Segment Open

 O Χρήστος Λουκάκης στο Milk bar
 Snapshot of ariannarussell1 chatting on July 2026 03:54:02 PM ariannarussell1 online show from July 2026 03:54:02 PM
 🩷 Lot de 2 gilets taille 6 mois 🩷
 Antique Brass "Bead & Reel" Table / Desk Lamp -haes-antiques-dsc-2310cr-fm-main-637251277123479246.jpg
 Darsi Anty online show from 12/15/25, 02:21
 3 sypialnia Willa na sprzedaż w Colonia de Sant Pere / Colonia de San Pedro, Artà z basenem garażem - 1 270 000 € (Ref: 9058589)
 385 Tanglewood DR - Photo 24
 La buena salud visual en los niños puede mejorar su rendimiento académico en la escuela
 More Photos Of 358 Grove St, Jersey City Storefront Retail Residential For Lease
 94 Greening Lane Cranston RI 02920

Segment Closed
Segment Open

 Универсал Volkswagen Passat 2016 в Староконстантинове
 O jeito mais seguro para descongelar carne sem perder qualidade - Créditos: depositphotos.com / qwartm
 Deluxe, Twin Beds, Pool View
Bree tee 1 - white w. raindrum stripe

Segment Closed

> [Task statement]:
Take the stretch of lines above from the one containing "O Χρήστος Λουκάκης στο Milk bar" through the one containing "94 Greening Lane Cranston RI 02920" and repeat it exactly, adding no other line.

> [Task solution]:
 O Χρήστος Λουκάκης στο Milk bar
 Snapshot of ariannarussell1 chatting on July 2026 03:54:02 PM ariannarussell1 online show from July 2026 03:54:02 PM
 🩷 Lot de 2 gilets taille 6 mois 🩷
 Antique Brass "Bead & Reel" Table / Desk Lamp -haes-antiques-dsc-2310cr-fm-main-637251277123479246.jpg
 Darsi Anty online show from 12/15/25, 02:21
 3 sypialnia Willa na sprzedaż w Colonia de Sant Pere / Colonia de San Pedro, Artà z basenem garażem - 1 270 000 € (Ref: 9058589)
 385 Tanglewood DR - Photo 24
 La buena salud visual en los niños puede mejorar su rendimiento académico en la escuela
 More Photos Of 358 Grove St, Jersey City Storefront Retail Residential For Lease
 94 Greening Lane Cranston RI 02920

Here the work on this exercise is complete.